Give back every line of the data exactly. Pictures are not part of the copy.

→ PROVIDED MATERIAL
────

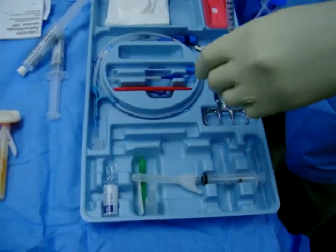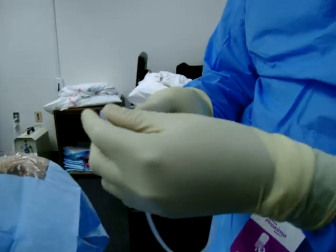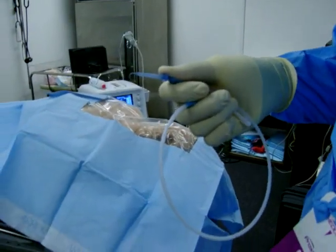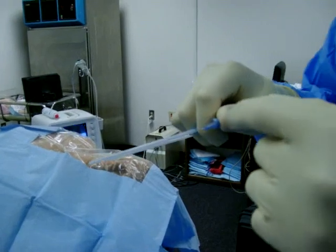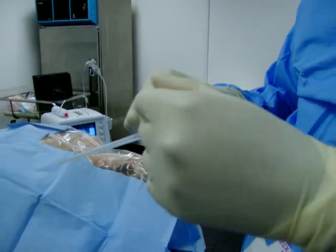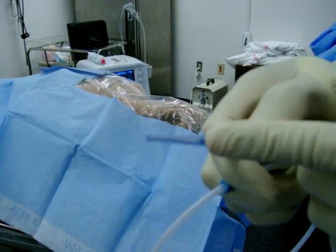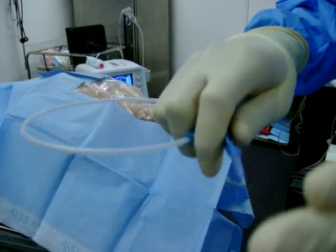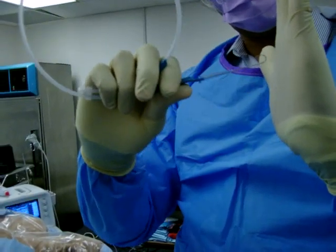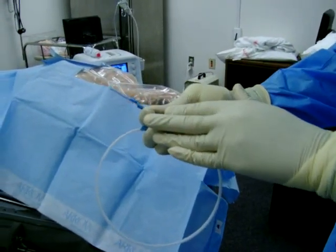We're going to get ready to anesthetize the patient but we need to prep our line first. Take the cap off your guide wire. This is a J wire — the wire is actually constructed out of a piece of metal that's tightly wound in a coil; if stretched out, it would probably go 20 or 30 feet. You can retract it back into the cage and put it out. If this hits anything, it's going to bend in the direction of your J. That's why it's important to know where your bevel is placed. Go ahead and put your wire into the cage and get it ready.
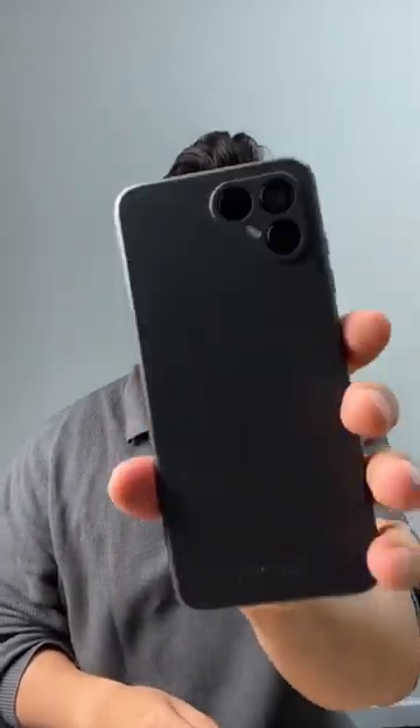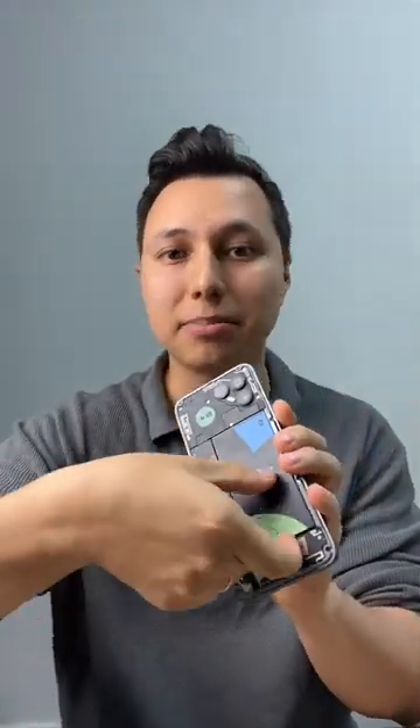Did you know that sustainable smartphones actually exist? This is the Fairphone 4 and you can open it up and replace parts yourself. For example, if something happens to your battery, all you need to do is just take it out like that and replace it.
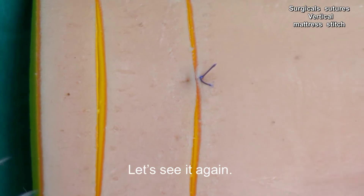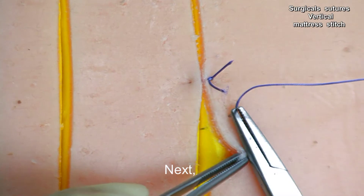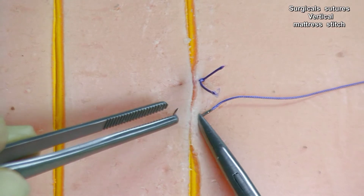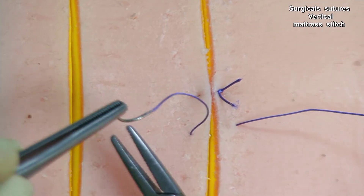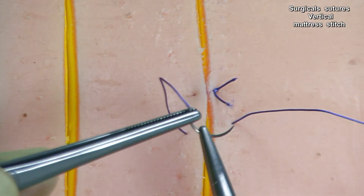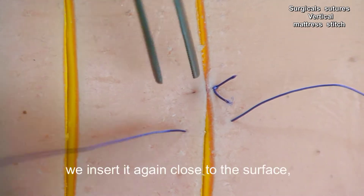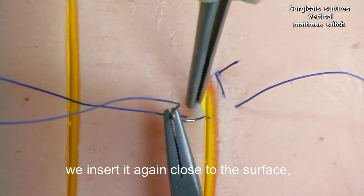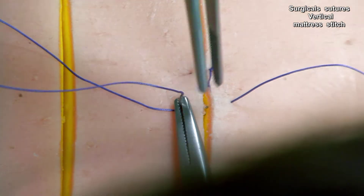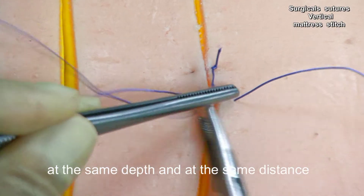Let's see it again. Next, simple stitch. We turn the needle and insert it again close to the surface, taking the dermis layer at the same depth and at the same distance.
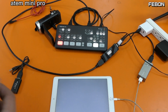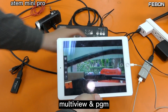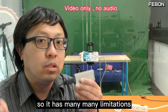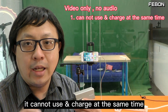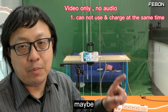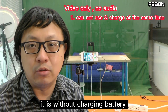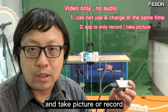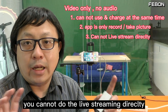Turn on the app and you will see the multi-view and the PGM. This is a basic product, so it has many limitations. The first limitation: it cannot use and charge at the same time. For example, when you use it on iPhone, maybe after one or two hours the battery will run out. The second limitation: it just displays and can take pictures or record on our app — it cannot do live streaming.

────

→ EXERCISE SOLUTION
We're going to get ready to anesthetize the patient but we need to prep our line first. Take the cap off your guide wire. This is a J wire — the wire is actually constructed out of a piece of metal that's tightly wound in a coil; if stretched out, it would probably go 20 or 30 feet. You can retract it back into the cage and put it out. If this hits anything, it's going to bend in the direction of your J. That's why it's important to know where your bevel is placed. Go ahead and put your wire into the cage and get it ready.
Did you know that sustainable smartphones actually exist? This is the Fairphone 4 and you can open it up and replace parts yourself. For example, if something happens to your battery, all you need to do is just take it out like that and replace it.
Let's see it again. Next, simple stitch. We turn the needle and insert it again close to the surface, taking the dermis layer at the same depth and at the same distance.
Turn on the app and you will see the multi-view and the PGM. This is a basic product, so it has many limitations. The first limitation: it cannot use and charge at the same time. For example, when you use it on iPhone, maybe after one or two hours the battery will run out. The second limitation: it just displays and can take pictures or record on our app — it cannot do live streaming.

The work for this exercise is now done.